### Dataset excerpt
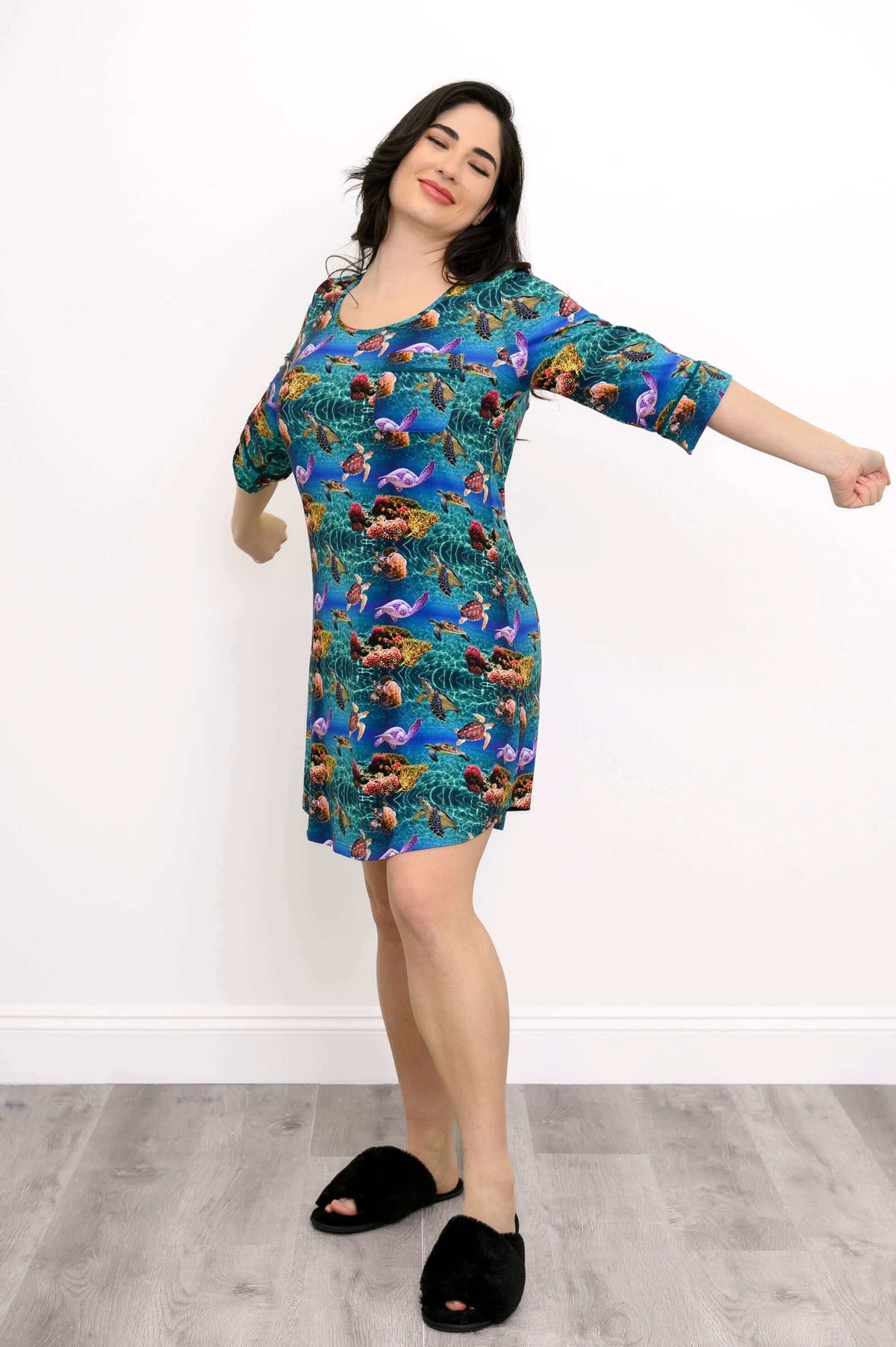 Woman stretching her arms while wearing bamboo coral reef print sleepshirt, side view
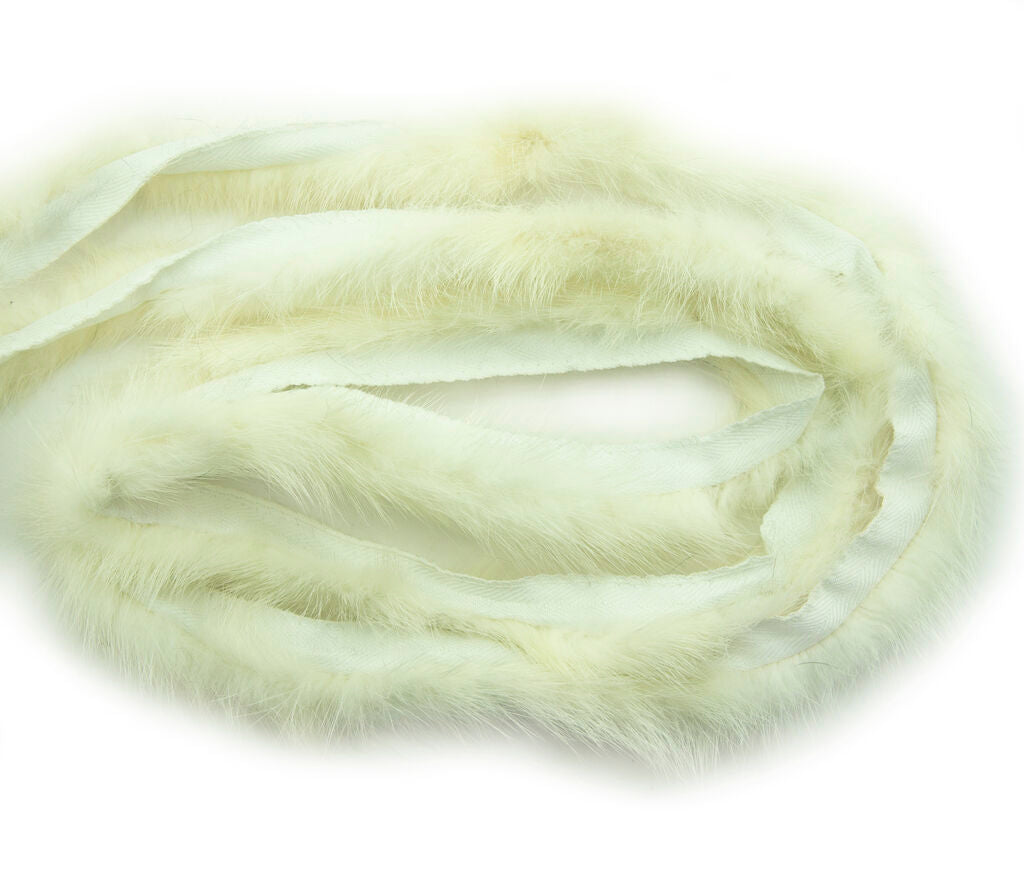 Thin white mink fur piping trim displayed on a flat surface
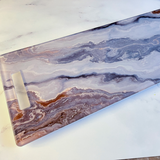 close up pic of grey marble 12x36 entertainment piece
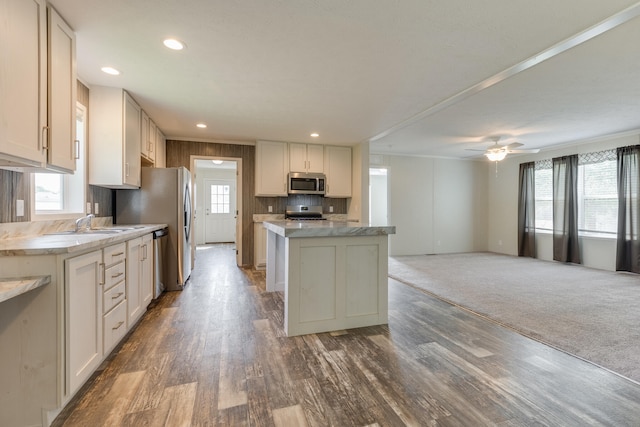 575 Gallery Dr Unit 48, Eaton Rapids, MI 48827 - kitchen with appliances with stainless steel finishes, a center island, wood finished floors, open floor plan, and a sink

### Exercise aim
Nothing but the lines from the beginning of the material above through the line containing "close up pic" should appear in the answer, copied exactly and free of pictures.

### Answer for this exercise
 Woman stretching her arms while wearing bamboo coral reef print sleepshirt, side view
 Thin white mink fur piping trim displayed on a flat surface
 close up pic of grey marble 12x36 entertainment piece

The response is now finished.